The same thing is true of the next part of the story. In verse 25, we read that the Lord “turned their hearts to hate his people, to conspire against his servants.” Those few words are a summary of a long and complicated subplot in the story, that troublesome business about the hardening of Pharaoh’s heart. And they are the tip of a doctrinal iceberg that has sunk many a Titanic theologian. Verse 25 gives an historical instance of the paradox of the relationship between the sovereignty of God and the sinful actions of humans. The Psalmist claims that Yahweh is the one who moved the Egyptians to turn against his own children. Even sin and evil are under the control of our sovereign God. What was God thinking when he made Pharaoh’s heart hard? More than we can imagine from the limited perspective of this Psalm. See the rest of the story later.
The God who made Israel fruitful and Egypt hostile also sent deliverance for Israel in the person of Moses (and his mouthpiece, Aaron). The story of Moses is a miracle story from beginning to end, a story of God doing miracles to and through him. Indeed, that is precisely the point Psalm 105 makes about Moses and Aaron. “They performed his (Yahweh’s) miraculous signs among them (the Egyptians), his wonders in the land of Ham.” Once again, note the sovereignty of God at work here in fulfillment of God’s covenant promise. If it takes miracles to keep that promise and get his people safely to the Promised Land, then there will be miracles. Remember that, O Israel, O Christians. No matter how hopeless you situation might seem, God can do miracles. Even if you have forgotten Yahweh and find yourself in a terrible place, God in his faithfulness is able to deliver you.
When we read about miraculous signs and wonders in verse 26, we might think of the Nile turned to blood or Aaron’s staff become a snake, but those were mere parlor tricks compared to the miracles the Psalmist had in mind. Verses 28-36 talk about other, more serious miracles, miracles as shocking as anything you’ll see on cable TV. As I’ve said several times, the RCL skips over those hard things and resumes the story in a couple of weeks with verses 37-45.
I think we must take account of those Ten Plagues (of which 8 are listed here) if we are to preach redemptively on this Psalm. If we leave them out, we miss a good deal of the drama of the redemptive work of God in Christ.
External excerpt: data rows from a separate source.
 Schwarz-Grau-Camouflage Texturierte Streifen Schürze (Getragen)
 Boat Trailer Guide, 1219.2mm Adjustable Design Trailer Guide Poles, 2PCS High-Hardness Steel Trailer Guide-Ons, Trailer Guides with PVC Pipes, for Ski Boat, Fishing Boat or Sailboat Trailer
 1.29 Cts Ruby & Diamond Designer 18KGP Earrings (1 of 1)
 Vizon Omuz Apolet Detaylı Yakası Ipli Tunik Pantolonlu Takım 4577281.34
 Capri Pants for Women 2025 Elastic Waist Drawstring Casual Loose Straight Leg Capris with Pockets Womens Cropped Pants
Indeed, we will not properly remember the faithfulness of God and return our thanks to him with appropriate fervor, unless we understand why God was so hard on Egypt and, in another day, on Jesus.
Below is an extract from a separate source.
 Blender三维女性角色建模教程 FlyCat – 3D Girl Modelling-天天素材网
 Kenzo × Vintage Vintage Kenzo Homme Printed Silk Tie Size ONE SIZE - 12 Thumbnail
It all has to do with the incredible hardness of evil. We see that hardness demonstrated in Egypt’s treatment of Israel, as summarized in Psalm 105:25. They turned their honored guests into humiliated slaves. Exodus 1:14 says, “They made their lives bitter with hard labor in bricks and mortar and with all kinds of work in the fields; in their hard labor the Egyptians used them ruthlessly.”
Then, when Moses came marching out of the desert to demand Israel’s release, the Egyptians cracked down even harder. In Exodus 5:9 Pharaoh says, “Make the work harder for them,” by taking away the straw that binds the brick together. And that was after Pharaoh ordered the murder of all the baby boys born to Israel. God made them fruitful and Pharaoh killed them. Egypt was hard on God’s people.
Further, we see the hardness of evil in the flinty stubbornness of Pharaoh’s heart. When Moses asked Pharaoh to release Israel, he was direct, but polite. But, says the story, Pharaoh hardened his heart. God responded with the ten plagues to change Pharaoh’s heart, to soften it, to break it, so that he would let Israel go. But each time Pharaoh hardened his heart even more. Nine times the story says that, and nine times it says that God hardened Pharaoh’s heart. When God hammered on Pharaoh’s heart, Pharaoh hardened his heart even more. So God hammered harder and Pharaoh hardened more. Around and around it went, until finally God broke Pharaoh’s heart with the tenth plague. Pharaoh started it; God responded by letting Pharaoh’s sin recoil on him. He reaped what he had sown. The battle with evil was so painful and gruesome because of the hardness of Pharaoh’s evil heart.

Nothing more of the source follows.